To do
For this exercise, the lines from the one with "Top rated local" through the end of the material below must be output exactly, without pictures.

Given records

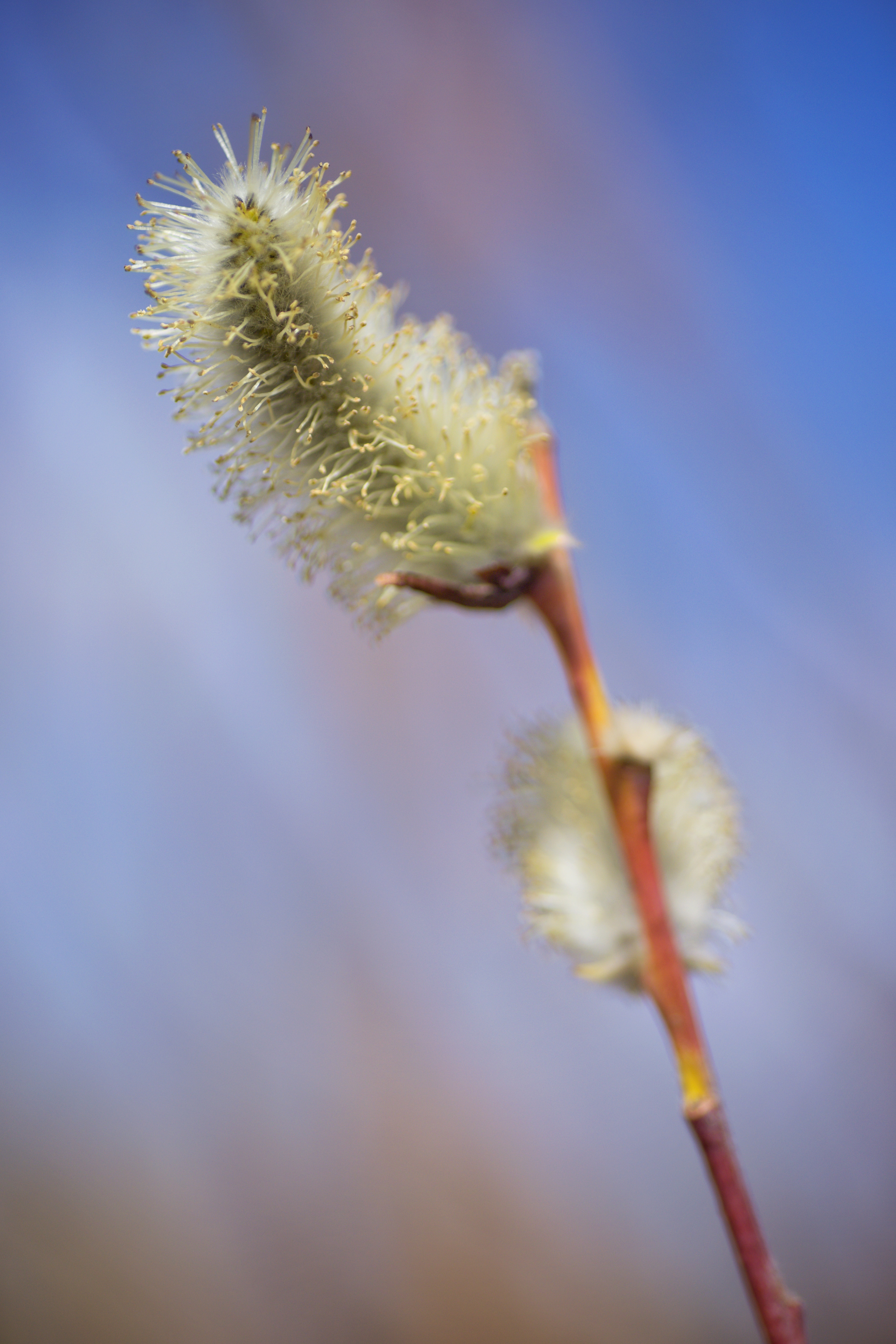 Mature Pussy Willow, Gray's Park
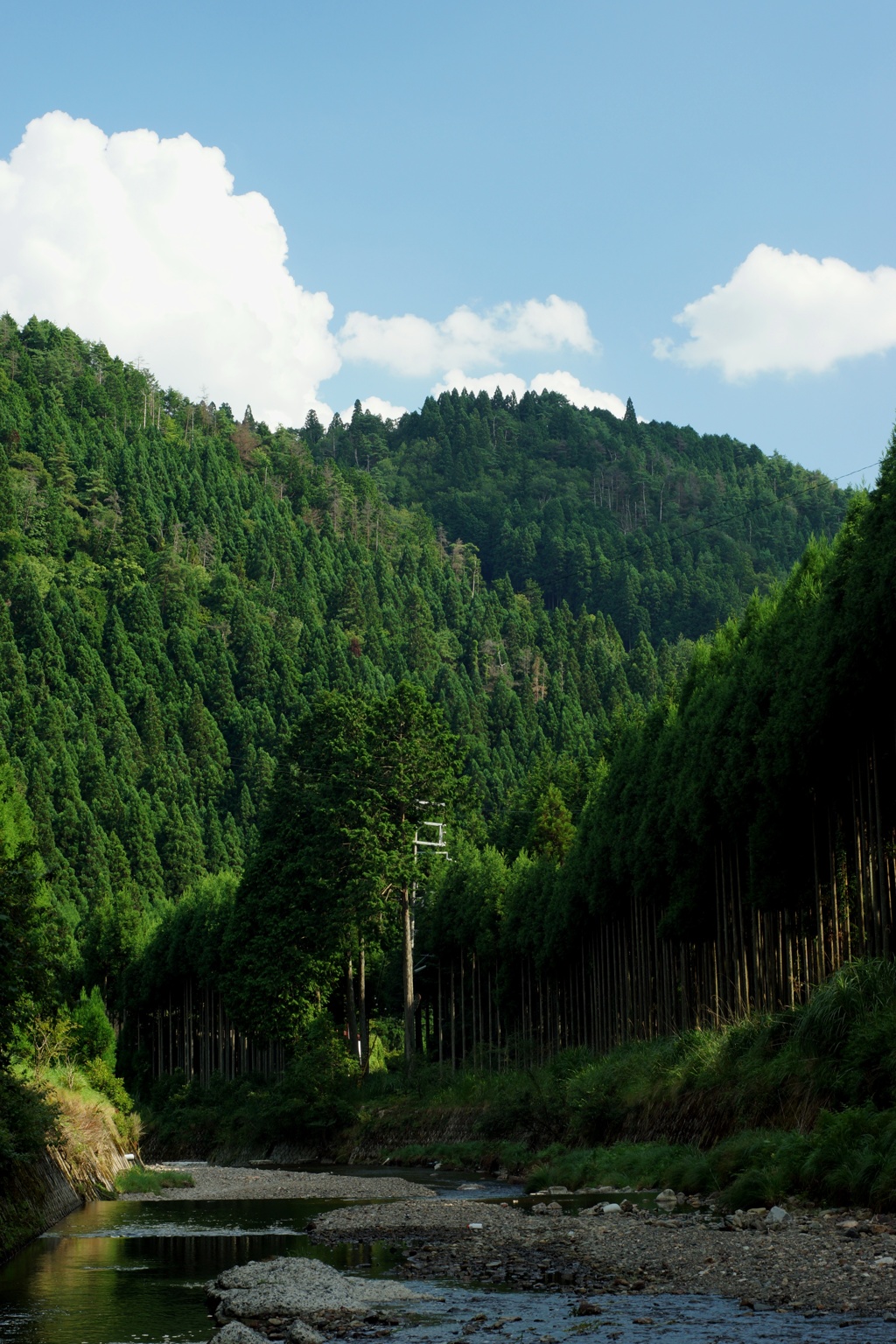 北山杉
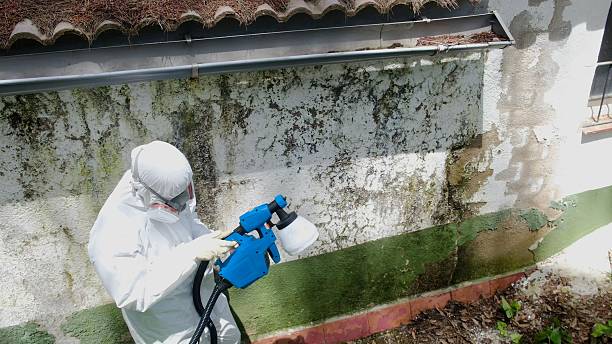Top rated local Mold Remediation specialists in Newport, TN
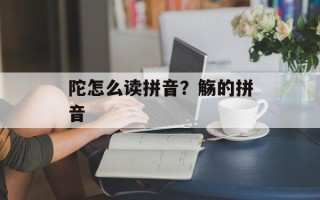 陀怎么读拼音？觞的拼音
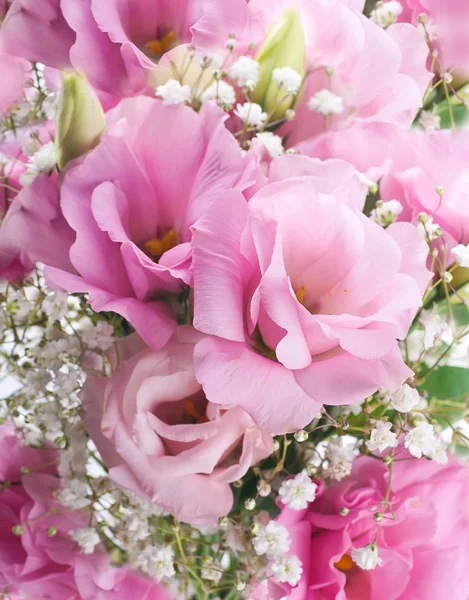 Bouquet of pink roses, floral background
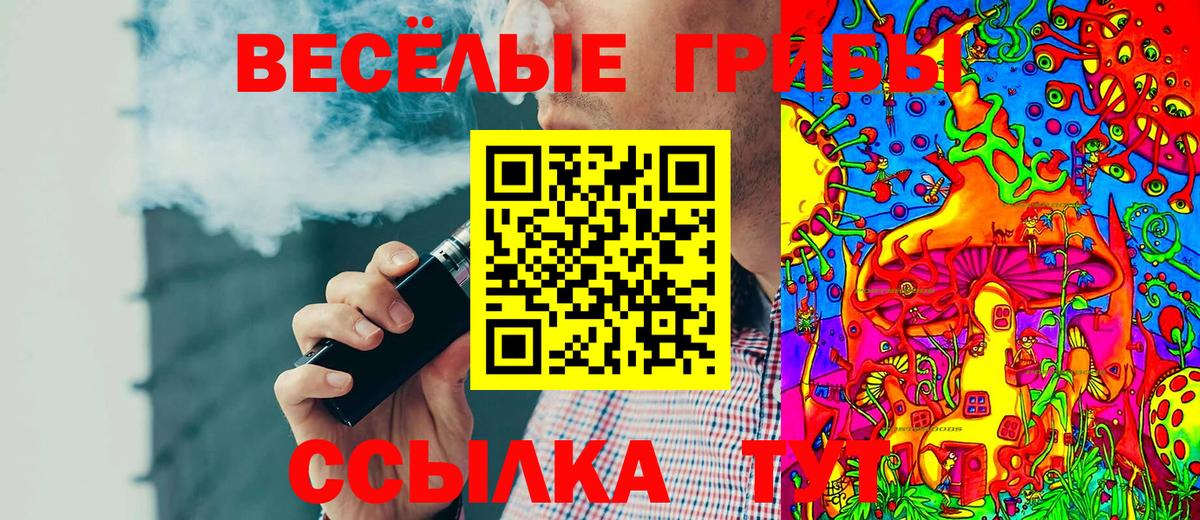 Галлюциногенные грибы Magic Shrooms  Вход с VPN  Кизилюрт 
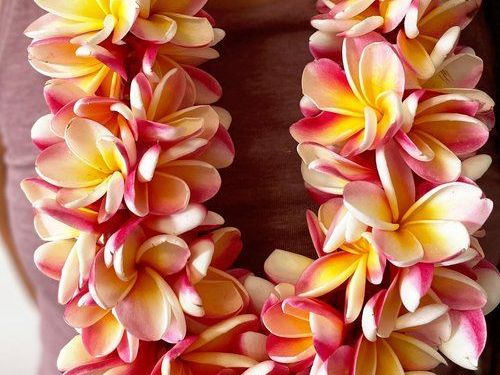 lei-greeting-service-hawaii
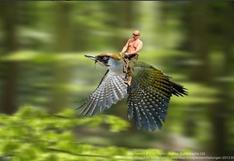 Vladimir Putin prohíbe los memes en Rusia enfurecido por burlas
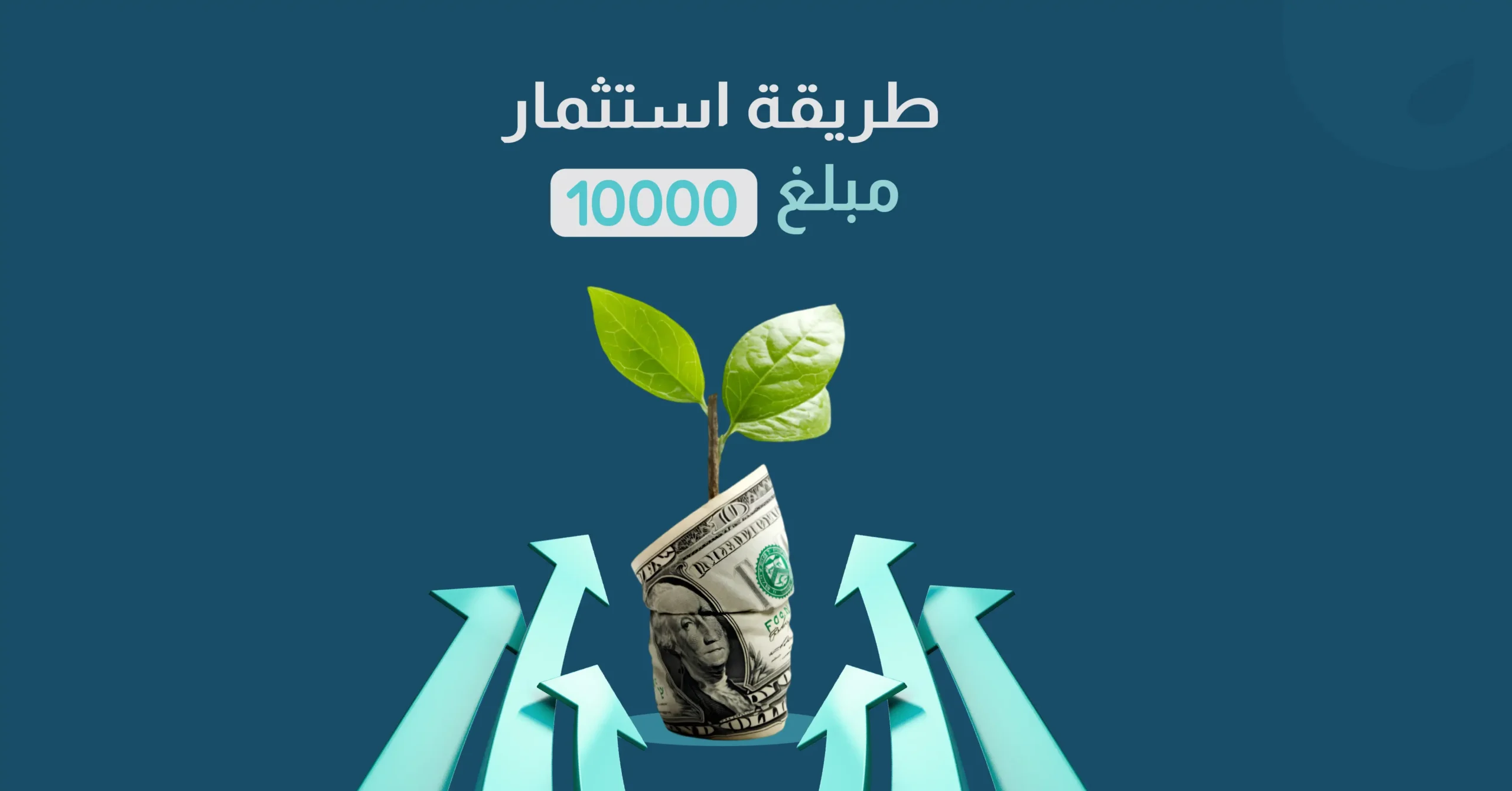 طريقة استثمار مبلغ 10000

Response area
Top rated local Mold Remediation specialists in Newport, TN
 陀怎么读拼音？觞的拼音
 Bouquet of pink roses, floral background
 Галлюциногенные грибы Magic Shrooms  Вход с VPN  Кизилюрт 
 lei-greeting-service-hawaii
 Vladimir Putin prohíbe los memes en Rusia enfurecido por burlas
 طريقة استثمار مبلغ 10000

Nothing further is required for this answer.